Home Garden

The Wind Causes Problems With My Furnace

Wind can cause a naturally vented furnace to lose the chimney effect, which is the process that enables combustion gases to exit through your chimney. Small holes and cracks in your chimney or your home can draw outside air in as a result of this process, but, most often, exterior winds blowing directly against the chimney can alter the interior air pressure. This changes the direction of the combustion gases.
  1. Updrafts and Backdrafts

    • Naturally vented furnaces and other fuel-fired appliances rely on the chimney effect to vent combustion gases outside.
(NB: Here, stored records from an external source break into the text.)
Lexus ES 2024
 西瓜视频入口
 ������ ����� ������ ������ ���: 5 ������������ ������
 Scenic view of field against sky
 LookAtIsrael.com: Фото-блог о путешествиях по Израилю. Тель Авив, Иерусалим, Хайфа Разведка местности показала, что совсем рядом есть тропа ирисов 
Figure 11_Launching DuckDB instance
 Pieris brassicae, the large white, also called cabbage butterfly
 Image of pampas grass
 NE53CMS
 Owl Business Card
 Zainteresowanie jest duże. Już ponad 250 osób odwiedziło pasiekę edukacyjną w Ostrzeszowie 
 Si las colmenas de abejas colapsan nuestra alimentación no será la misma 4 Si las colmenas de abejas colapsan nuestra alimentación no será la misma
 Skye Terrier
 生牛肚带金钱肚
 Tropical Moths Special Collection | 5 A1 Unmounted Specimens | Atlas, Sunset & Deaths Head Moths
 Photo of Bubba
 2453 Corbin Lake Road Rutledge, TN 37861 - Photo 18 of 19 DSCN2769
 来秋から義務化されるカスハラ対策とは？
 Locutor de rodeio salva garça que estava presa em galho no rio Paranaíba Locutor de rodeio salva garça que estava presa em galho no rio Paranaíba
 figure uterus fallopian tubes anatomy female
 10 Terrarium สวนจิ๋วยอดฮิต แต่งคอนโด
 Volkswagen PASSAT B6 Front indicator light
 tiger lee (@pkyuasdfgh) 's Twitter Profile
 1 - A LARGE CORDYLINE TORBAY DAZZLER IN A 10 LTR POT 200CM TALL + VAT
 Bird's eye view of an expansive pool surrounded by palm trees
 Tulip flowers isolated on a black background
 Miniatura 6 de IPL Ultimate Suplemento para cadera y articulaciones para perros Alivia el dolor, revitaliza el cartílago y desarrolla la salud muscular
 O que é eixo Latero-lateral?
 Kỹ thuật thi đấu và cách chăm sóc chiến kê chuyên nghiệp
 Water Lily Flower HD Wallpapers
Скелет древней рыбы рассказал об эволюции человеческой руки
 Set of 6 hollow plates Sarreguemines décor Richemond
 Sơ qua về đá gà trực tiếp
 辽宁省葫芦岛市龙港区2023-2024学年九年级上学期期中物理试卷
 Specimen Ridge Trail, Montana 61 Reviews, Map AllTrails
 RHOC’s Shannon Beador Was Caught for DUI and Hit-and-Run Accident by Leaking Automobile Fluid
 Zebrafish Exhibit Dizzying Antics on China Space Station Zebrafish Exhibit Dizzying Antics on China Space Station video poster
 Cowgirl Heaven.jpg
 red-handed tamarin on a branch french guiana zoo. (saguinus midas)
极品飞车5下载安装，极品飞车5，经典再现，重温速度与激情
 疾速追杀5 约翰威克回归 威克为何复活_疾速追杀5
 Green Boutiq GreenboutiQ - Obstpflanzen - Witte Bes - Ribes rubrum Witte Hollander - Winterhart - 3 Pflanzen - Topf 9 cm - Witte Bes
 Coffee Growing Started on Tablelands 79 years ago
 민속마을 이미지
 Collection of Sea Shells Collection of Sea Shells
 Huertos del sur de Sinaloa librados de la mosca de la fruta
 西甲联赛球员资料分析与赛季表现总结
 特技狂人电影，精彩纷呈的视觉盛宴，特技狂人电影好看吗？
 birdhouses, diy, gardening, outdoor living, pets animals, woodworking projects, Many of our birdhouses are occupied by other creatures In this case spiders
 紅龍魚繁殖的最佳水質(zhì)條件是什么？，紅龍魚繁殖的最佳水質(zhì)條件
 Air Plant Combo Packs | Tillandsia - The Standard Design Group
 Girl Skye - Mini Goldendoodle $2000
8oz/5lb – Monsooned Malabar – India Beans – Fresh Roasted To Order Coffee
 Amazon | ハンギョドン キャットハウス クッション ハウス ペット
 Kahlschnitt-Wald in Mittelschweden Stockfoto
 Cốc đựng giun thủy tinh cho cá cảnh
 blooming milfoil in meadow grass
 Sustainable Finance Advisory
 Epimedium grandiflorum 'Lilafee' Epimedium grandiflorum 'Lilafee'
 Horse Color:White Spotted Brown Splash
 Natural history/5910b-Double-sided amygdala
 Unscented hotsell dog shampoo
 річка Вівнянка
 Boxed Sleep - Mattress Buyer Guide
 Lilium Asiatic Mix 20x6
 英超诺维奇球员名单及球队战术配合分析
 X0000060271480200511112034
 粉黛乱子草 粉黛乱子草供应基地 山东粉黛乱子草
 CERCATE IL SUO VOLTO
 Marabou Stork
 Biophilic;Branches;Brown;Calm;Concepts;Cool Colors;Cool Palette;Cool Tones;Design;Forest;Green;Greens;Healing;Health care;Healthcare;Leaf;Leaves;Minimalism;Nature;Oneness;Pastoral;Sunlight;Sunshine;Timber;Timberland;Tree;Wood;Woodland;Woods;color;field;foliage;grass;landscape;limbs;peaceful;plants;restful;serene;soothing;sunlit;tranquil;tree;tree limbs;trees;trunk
Exhaust gases are warmer than the surrounding air, and this difference in temperature creates a natural updraft in the chimney, which allows the gas to escape safely outside. Clothes dryers, gas or oil water heaters and bathroom or kitchen exhaust fans can make significant demands on the air supply in your home because they move air outside, creating a negative interior air pressure. Wind plays a significant role in this process, as well, because if it is blowing directly against the chimney or venting system, it creates a positive pressure outside. When the demand for outside air is greater than the amount of air in your home can provide, depressurization occurs, and your chimney has to work against the suction created. The negative air pressure in your home draws the positive pressure outside in, and the flow of gases reverse, causing a backdraft.

    Signs of Draft Issues

    • Backdrafts or combustion air issues in your home show in several ways. A fuel smell inside your home, or delayed ignition of your furnace, indicates that winds may be coming in as the result of a backdraft. Soot accumulation around your vents, black smoke from your chimney, soot or smoke leaking from the door ports on the furnace, or noises such as pops, bangs or rumblings are also indications of venting issues.

    Potential Hazards

    • Backdrafts should be addressed immediately because, although exterior conditions can greatly contribute to their occurrence, they usually indicate a problem with your furnace venting system. This poses health risks for you and your family. Fuel-fired furnaces produce water and carbon dioxide, and if these do not have enough oxygen from the combustion process, carbon monoxide forms and is forced into your home by the backdraft. Natural gas furnaces produce a lower concentration of carbon monoxide initially, but as it is recycled with the intake air, the amount that escapes into your home increases. Gas or propane furnaces also produce nitrogen dioxide, which can damage and scar your lung tissue -- even in small amounts.

    Preventing Backdrafts

    • A neutral air pressure in your home is critical to preventing backdrafts and to ensuring that the wind’s direction or force won’t affect the proper venting of your furnace’s combustion gases. Make sure that all combustion appliances, such as wood stoves, gas or oil-fired water heaters, have their own venting system, or outside combustion air supply. Have your chimney and furnace inspected yearly to ensure that each works and is sealed properly. Reduce or limit the use of exhaust fans or other high-powered exhaust systems when operating your furnaces, unless they have their own makeup air supply. Try to start fuel-burning appliances like furnaces or fireplaces when no other appliances such as a dryer are moving air from your home. If you establish the draft before turning these on, it is less likely to change direction and backdraft.